Zu fulp muss ich sagen, dass du wirklich Recht hast, aber je öfter man enttäuscht wird, desto weniger ist man dazu bereit andere Leute ernst zu nehmen und sie nicht gleich von vornherein als schlecht abzustempeln.

In meinem Alter denken viele nur an Party und da ist es eher eine Last, wenn man ein Kind hat und die kostbare Zeit dieser Leute in Anspruch nimmt. Es ist eben unglaublich schwer
als junge Mama irgendwo Anschluss zu finden - gerade auf dem Dorf. Nur wenn es anderen schlecht geht ist man als Freundin wieder gefragt.
Ich bin einfach so ein (dummer) Mensch, der einem immer wieder und wieder verzeiht, egal wie er mit mir umgesprungen ist. Ich sag mir zwar "Hey! Also das nächste mal sagst du einfach "Nein!"", aber dann, wenn es soweit ist, bin ich gleich wieder zur Stelle. Ich bin so erzogen worden und bei jeder Kleinigkeit, wo ich denke falsch gehandelt zu haben, plagt mich mein Gewissen, obwohl es das Gegenüber vielleicht ganz anders empfunden hat.

Alles in allem ist es so, dass in Zeiten von Facebook und Co. nur noch die Zahl der virtuellen Freunde zählt und nicht mehr das "Miteinander/Füreinander". Wenn man es nicht anders kennt, ist es vielleicht nicht so schlimm, ansonsten vermisst man echte Freundschaften allerdings schon


Liebe Grüße

Generation Facebook
nun ja...all diese virtuellen Freunde.
Das ist doch eine Illusion.
Das sind doch keine Freundschaften.

Menschen kommen und gehen... die wenigsten davon sind oder werden jemals Freunde.
Ich musste schon erleben das sich Menschen von mir verabschiedet haben obwohl sie physisch noch in meiner Nähe waren.

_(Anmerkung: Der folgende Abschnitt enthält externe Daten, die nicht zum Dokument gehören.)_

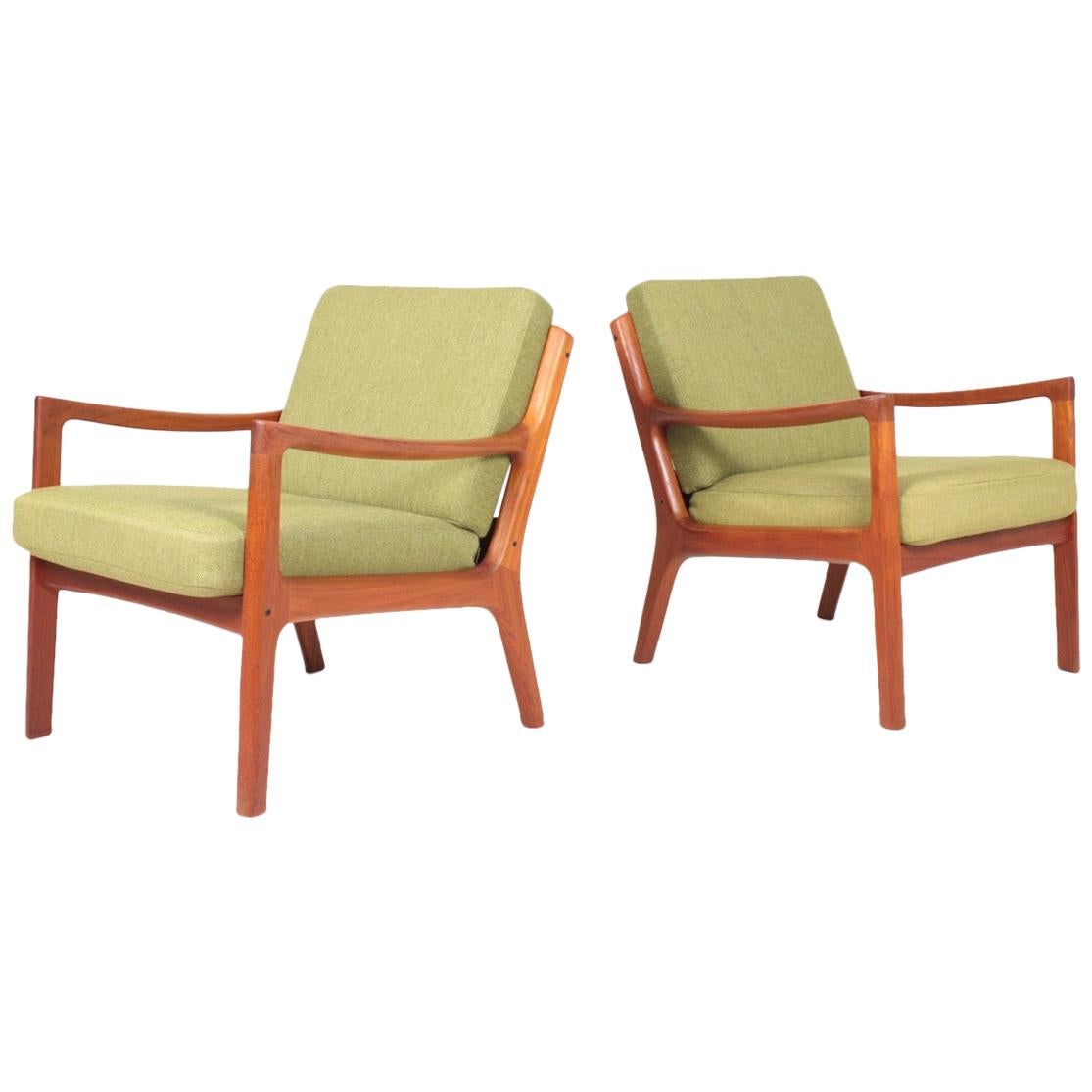 Pair of Midcentury Lounge Chairs by Ole Wanscher, Danish Design 1950s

Es ist alles im Fluss..dynamisch..wenn du versuchst dich an Menschen (Freunde) zu klammern wirst du unweigerlich scheitern.

Ernst nehmen...ja wen kann und soll man noch Ernst nehmen?
Ich würde jetzt nicht sagen das man jemanden gleich als schlecht abstempeln muss.
Mann muss einfach die eigenen Erwartungen zurücknehmen.

Bleib so wie du bist..ein offener und lieber und hilfsbereiter Mensch. Grüble nicht über deine evtl. falschen Handlungen nach. Das bringt nichts.
Sei so wie du bist...mit all deinen Ecken und Kanten.

Die Menschen die dir nahe stehen werden dich auch so lieben!
Und auch für die, die jetzt noch Party machen und sich von dir abwenden weil du ein kleines Kind hast.
Auch für diese Menschen werden noch andere Zeiten kommen.